* Task to carry out
Return the entire listing, word for word.

== Provided data

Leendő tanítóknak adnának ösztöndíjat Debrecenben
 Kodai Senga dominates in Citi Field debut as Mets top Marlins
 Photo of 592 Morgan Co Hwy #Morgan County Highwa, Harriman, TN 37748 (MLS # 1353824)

====

* Solution to this exercise
Leendő tanítóknak adnának ösztöndíjat Debrecenben
 Kodai Senga dominates in Citi Field debut as Mets top Marlins
 Photo of 592 Morgan Co Hwy #Morgan County Highwa, Harriman, TN 37748 (MLS # 1353824)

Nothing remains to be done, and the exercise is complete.